Ci riferiamo ad un cocktail italiano noto nel mondo: il Negroni che compie centanni!

La sua storia è ben nota e legata ad un viveur come il conte Negroni che nella bella Firenze, in una calda primavera del 1919, per rifarsi delle tristezze del periodo, lutti della Grande Guerra e della Spagnola, aveva voluto darsi uno stimolo in più ed aveva fatto modificare il suo classico aperitivo, l’americano, con un’aggiunta di Gin. Così nel Caffè Casoni il barista Fosco Scarselli sostituì il seltz con una spruzzata di gin e aggiunse una fetta di arancio come decorazione all’interno di un bicchiere, tumbler basso.

In breve tempo divenne uno degli aperitivi più amati e ordinati a livello mondiale, non solo in quel caffè di via Tornabuoni dove i clienti chiedevano l’Americano al modo del Conte Negroni, che dappertutto e in breve diventò il Negroni.

Gli anni del maggior successo chiaramente giunsero tra il primo dopoguerra e il decennio successivo, quello della Dolce Vita. Orson Welles, nel 1947 è a Roma e scrive a un giornale americano raccontando del Negronis: “Il bitter è eccellente per il fegato, il gin gli fa male. Insieme si equilibrano”. Nel 1950 Ernest Hemingway cita il Negroni nel romanzo Di là dal fiume e tra gli alberi.
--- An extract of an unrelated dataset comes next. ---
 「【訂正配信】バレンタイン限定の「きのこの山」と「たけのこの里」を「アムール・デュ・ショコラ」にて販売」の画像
E lo scrittore Ian Fleming lo sostituisce al celebre Vesper Martini di James Bond nel racconto Risiko, parte dell’opera For your eyes only, nelle sale cinematografiche fa capolino nel film La primavera romana della signora Stone del 1961, tratto dalla novella di Tennessee Williams, dove la protagonista si abbandona a un “magnifico Negroni per dimenticare e aprirsi ai giovani amori”.
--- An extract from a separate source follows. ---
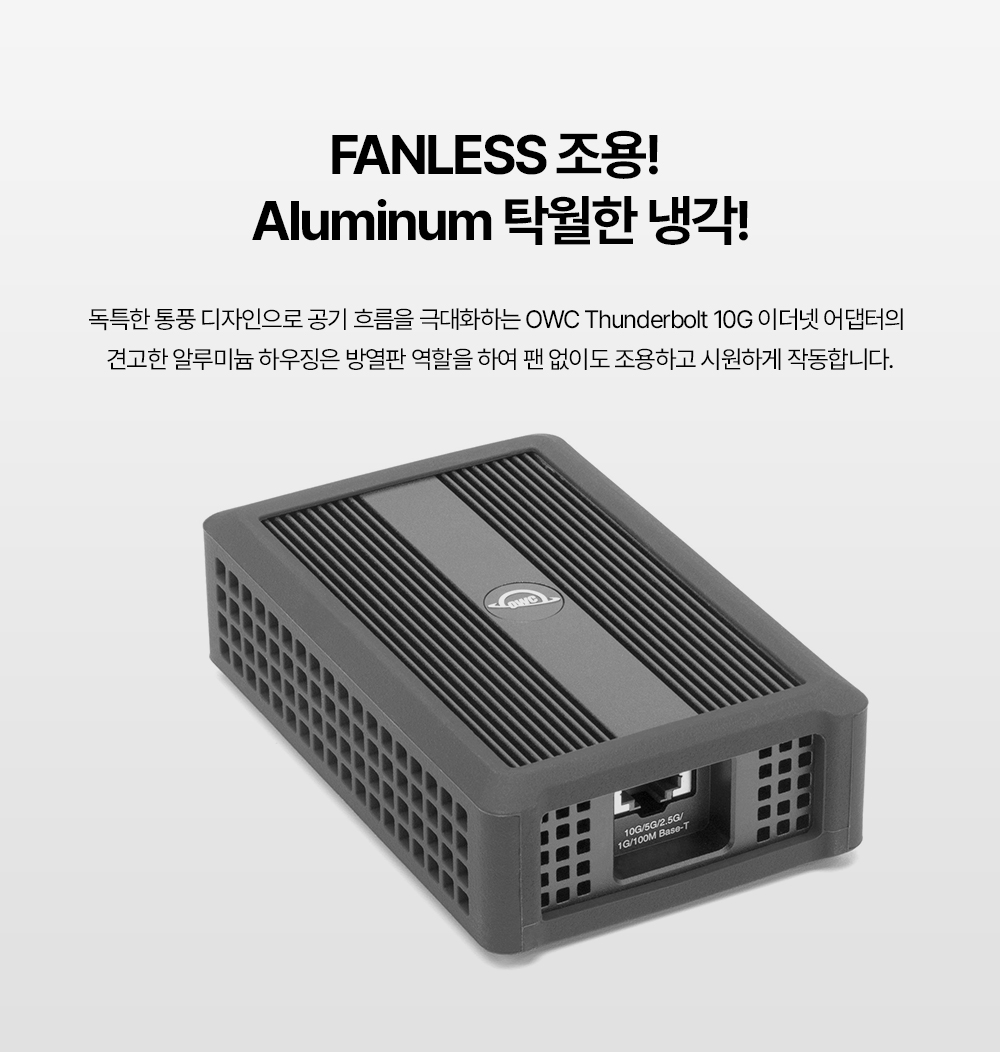 OWC T3-10G 이더넷 어댑터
In occasione del centenario ecco nasce un trittico che viene proposto: OSCAR697, GIASS e GOD SAVE THE FOOD.

God Save the Negroni è un progetto diviso in 4 serate che vede protagonista proprio il Negroni, ma in una veste un po’ particolare perché oltre ad essere shakerato, e non mescolato come vorrebbe la ricetta originale, si può gustare in pratiche mono porzioni “on the go”. Infatti ora hanno imbottigliato il Negroni. Da consumare responsabilmente come sempre.

Il Gin Giass, che fa parte del trittico, è la risultante del legame tra cinque amici e la condivisione del momento dell’aperitivo. Strano modo di comporlo, ma la formula del primo London Dry Gin di Milano è: spirito artigianale, frutto della voglia di unire diversi elementi come, in una sospensione stabile 18 botaniche che si intrecciano con leggerezza con una solida base classica composta da ginepro, coriandolo e angelica permettendo alle altre botaniche la possibilità di esprimere le loro caratteristiche. Il processo di essicazione naturale è a bassa temperatura, mentre l’anima citrata è affidata alla verbena citrus, al cardamomo e alla melissa. Cassia e timo, infine, strutturano il comparto delle note legnose.

Un nuovo brand di Vermouth OSCAR.697, nato nel 2013 da Stefano Di Dio, vede per il rosso come base di partenza il vino Trebbiano di Romagna, mentre il bianco e il dry hanno ricette diverse come lo definiscono i diversi numeri, il Rosso è la n°697, Il Bianco la n°773 e l’Extra Dry è la n°771.

Si aggiunge il terzo elemento, il God Save the Food che nasce nel 2011 dalla volontà di creare luoghi curati nell’estetica, contemporanei nell’animo e praticamente sempre aperti. Il fulcro è la cucina a vista e sempre aperta e con piatti da assaporare giorno dopo giorno per gli ospiti che quotidianamente desiderano incontrarsi, anche solo per un veloce caffè e brioches o perché in cerca di spazi dove lavorare al proprio pc bevendo un salutare succo il pomeriggio, ecco allora God Save The Food, che significa semplicità, qualità e accoglienza, ed a Milano per ora ce ne sono quattro locali nei quartieri di Tortona, Brera, Piave/Porta Venezia e l’ultimo nato al piano -1 di Rinascente – Duomo, con un servizio catering per eventi e feste private ed un foodtruck per portare God Save the Food in giro per l’Italia. Buon Drink!